** Opening GIVEN RECORDS block **
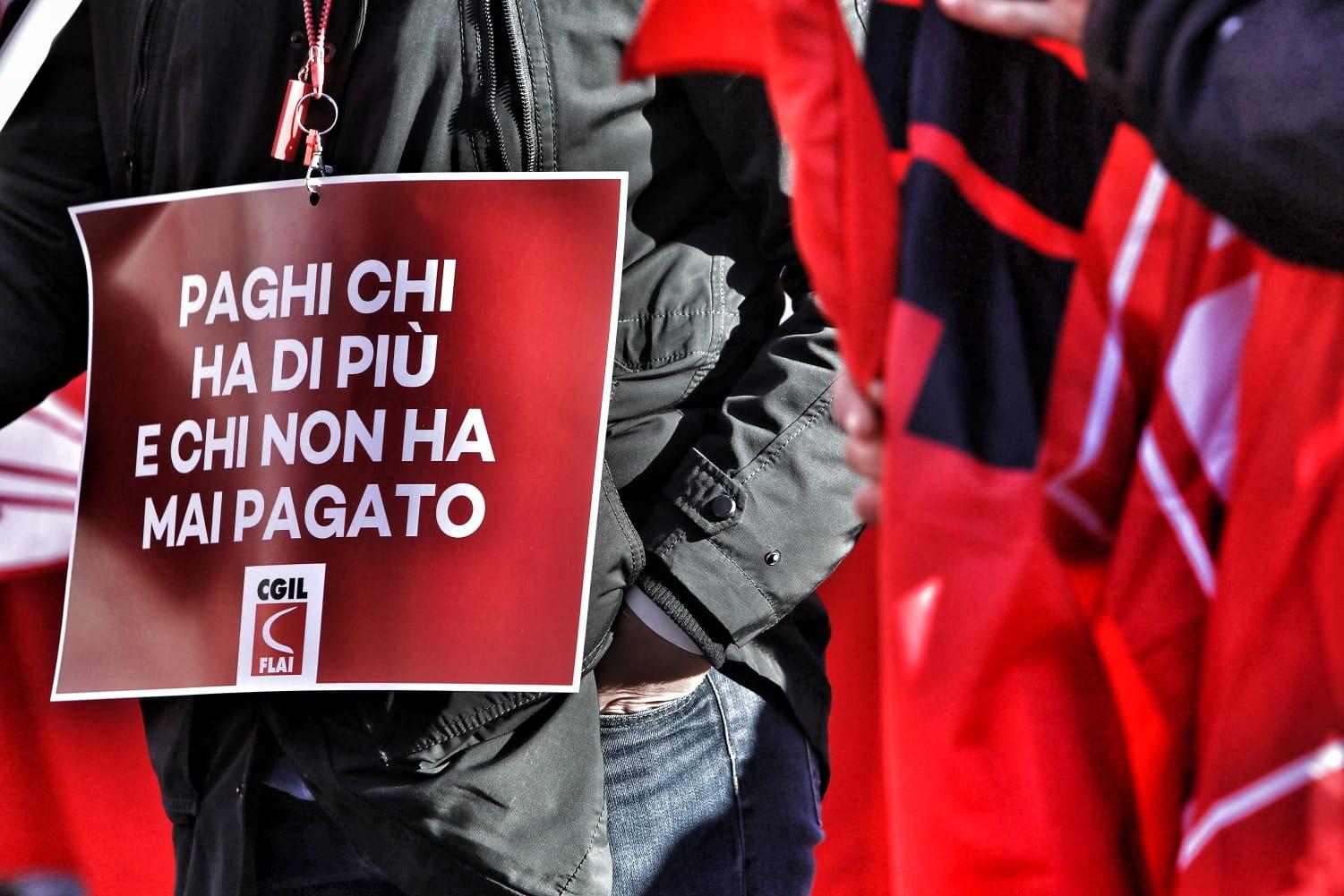 CGIL, the Government’s tax policy is a festival for tax evaders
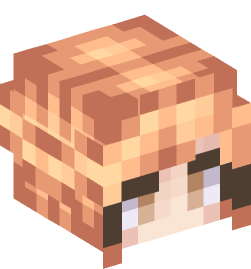 Minecraft head — People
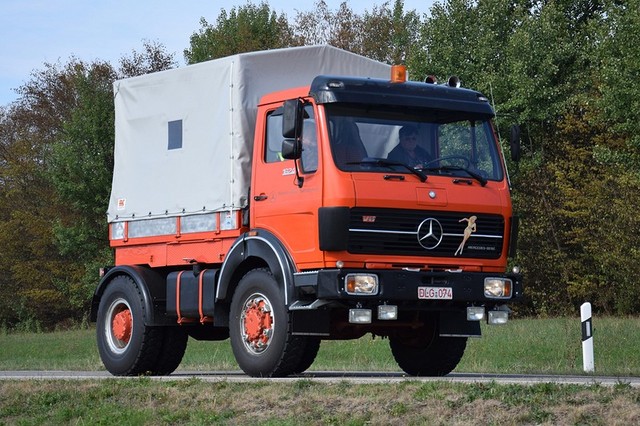 DSC 0319-BorderMaker LKW Veteranen Treffen Autohof WÃ¶rnitz 2015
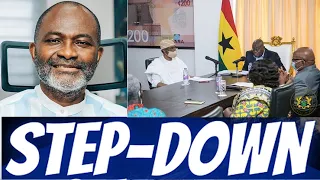 Break: Ken Agyapong step-down finally pushed by high powerful delegation! Kwame Adinkra on latest-sz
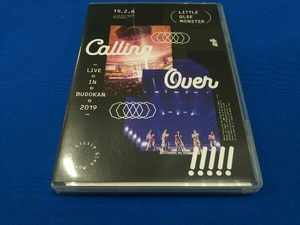 DVD Little Glee Monster Live in BUDOKAN 2019~Calling Over!!!!!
** Closing GIVEN RECORDS block **
**EXERCISE DIRECTIONS**
Output the data above without changes, apart from leaving out the pictures.

**WORKED SOLUTION**
 CGIL, the Government’s tax policy is a festival for tax evaders
 Minecraft head — People
 DSC 0319-BorderMaker LKW Veteranen Treffen Autohof WÃ¶rnitz 2015
 Break: Ken Agyapong step-down finally pushed by high powerful delegation! Kwame Adinkra on latest-sz
 DVD Little Glee Monster Live in BUDOKAN 2019~Calling Over!!!!!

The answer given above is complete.